The gates are chained, the barbed-wire fencing stands,
An iron authority against the snow,
And this grey monument to common sense
Resists the weather. Fears of idle hands,
Of protest, men in league, and of the slow
Corrosion of their minds, still charge this fence.

Beyond, through broken windows one can see
Where the great presses paused between their strokes
And thus remain, in air suspended, caught
In the sure margin of eternity.
The cast-iron wheels have stopped; one counts the spokes
Which movement blurred, the struts inertia fought,

And estimates the loss of human power,
Experienced and slow, the loss of years,
The gradual decay of dignity.
Men lived within these foundries, hour by hour;
Nothing they forged outlived the rusted gears
Which might have served to grind their eulogy.
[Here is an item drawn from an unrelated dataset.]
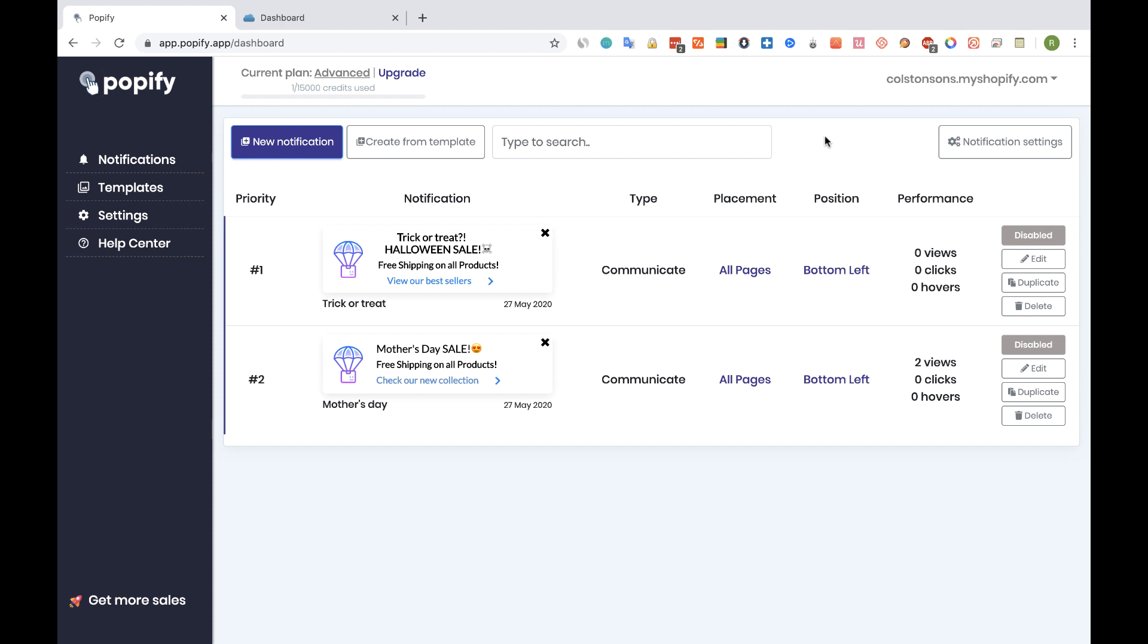As you can see I'm in the Popify dashboard and I've created already two pop-ups, so make sure you know already how to create pop-up notifications. I will link a video for that in the video description below.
Supposedly Levine wrote this poem about a plant in which he once worked, the Chevrolet Gear and Axle plant.  He hated the work and his poem is torn between the need for work as a foundation for self respect and work–factory work, anyway–as something that saps one’s dignity and grinds one down.

Someone has written that our new factories are our restaurants and fast food establishments.  From the point of management, these have the advantage of not being unionized.  There are no worries of “protest” or “men in league.”  But if Greece and now England serve as any kind of warning, “fears of idle hands” may start returning.  In much of his poetry, Levine captures the low simmering anger of the working class.

As I say, it’s the right time to have this poet as our laureate.